The New Marxism Comes To Computer Games

Forget Thomas Piketty. Play To Build a Better Mousetrap.

The new "management game" To Build a Better Mousetrap takes its title from the famous misquotation of Emerson and ode to the American capitalist spirit, "Build a better mousetrap, and the world will beat a path to your door". It's the latest provocation from Paolo Pedercini, the game maker and activist who publishes as Molleindustria, and it arrives at a propitious moment. Marx is in. Left-ish literary journals are flourishing. Marxist economic critiques of the limits of neoliberal capitalism are ubiquitous. And Pedercini's game, a simple and savage little number released on International Worker's Day, fits right in.
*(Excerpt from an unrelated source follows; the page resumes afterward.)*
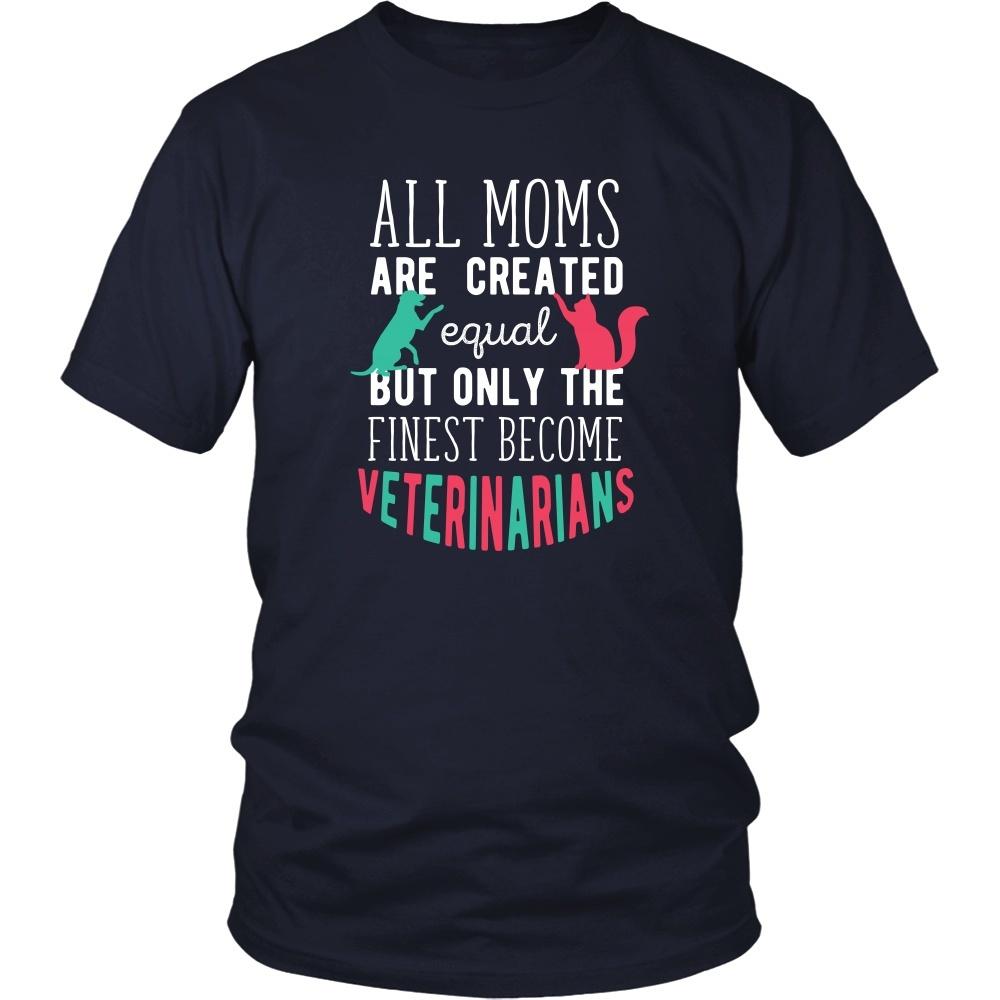 Veterinary T Shirt - All moms are created equal but only the finest become Veterinarians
You play as the unseen boss of a faceless corporation, and your job is to manipulate wages and hiring in order to maximize cheese: profits. You drag little Art Spiegelman mice—labor—right from the hiring line and into production and R+D. To succeed at the game, you have to reproduce the dynamics of modern industrial capitalism. Early on, this means setting wages high enough to prevent work stoppages but low enough to turn a profit. Later, it means automatizing production so you don't have to pay workers at all.
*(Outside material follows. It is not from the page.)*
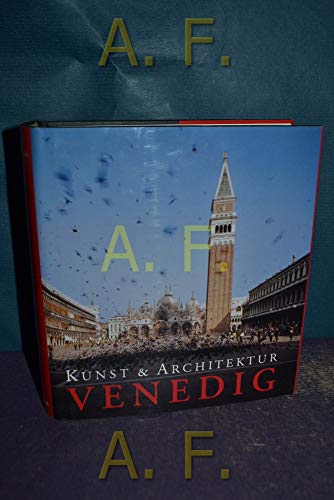 Venedig. Kunst und Architektur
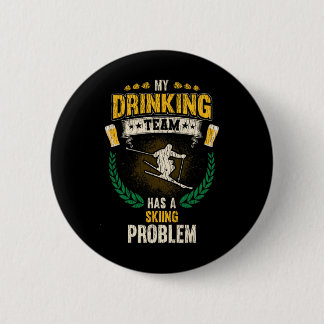 Mein Trinkteam hat ein Skiproblem Lustiger Skifahr Button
Political games have a tepid history, although Molleindustria previously made the drone pilot choose-your-own adventure Unmanned, one of the very best. In To Build a Better Mousetrap he's done something very difficult, which is to clearly, concisely and with a shockingly dark sense of humor explain the way that our economic system is gamed against working people, by making players recreate it. It's ingenious, not least because the only way for the mice to win is for you, the player, entrenched capital, to lose. How's that for a five minute Flash game?